Enjoyed the back and forth. Conclusion is a good one too. My pet peeve remains that folk are only too happy to buy expensive motherboards with Realtek NICs and non-ECC Ram, etc because in their mind a kick-butt gaming rig is also a good candidate for a NAS - and it likely isn’t.
Too little attention up front on use case, leads to $$ expenditures that really represent a sunk cost more than anything. So many decent X10SDV and like boards out there that make fantastic file servers for very little money yet use ECC, high quality HBAs and NICs for a fraction of the cost of a gaming rig.
Supermicro knows this too - they still make a bunch of x10SDV motherboards precisely because their current motherboards are geared towards NVME, computation, etc. not traditional file servers with HDDs. Yet, there are plenty of folk who are still building file servers who prefer low power consumption and excellent performance for that use case.

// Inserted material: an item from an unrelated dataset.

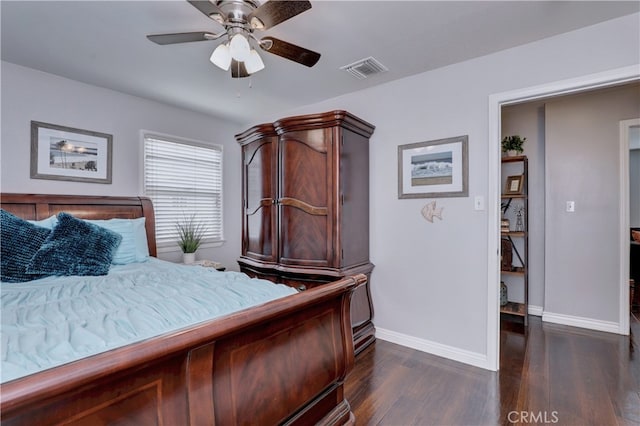 bedroom with dark wood-style floors, baseboards, and ceiling fan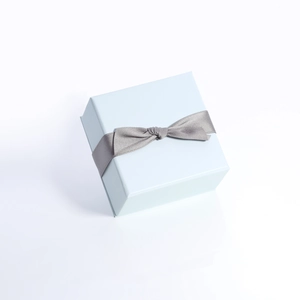 Boîte cadeau bijoux carrée bleu clair avec nœud en satin gris sur fond blanc pur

Similarly, take the D-15xx series of chips and compare the 17xx or 20xxx series of Xeons and tell me what makes a later chip so much better than the 15xx. That 15xx series hit a sweet spot re: PCIe lanes, power consumption, etc. making it perfect for file servers with some expansion options. Atoms could not compete with them other than in mini-ITX and even there Asrock has shown that more can be done (570 board with ryzen and oculink x2).
At the moment, the crown re file servers is likely going to AMD on account of PCIe lanes that allow either NVME or SATA. Talk about future-proof.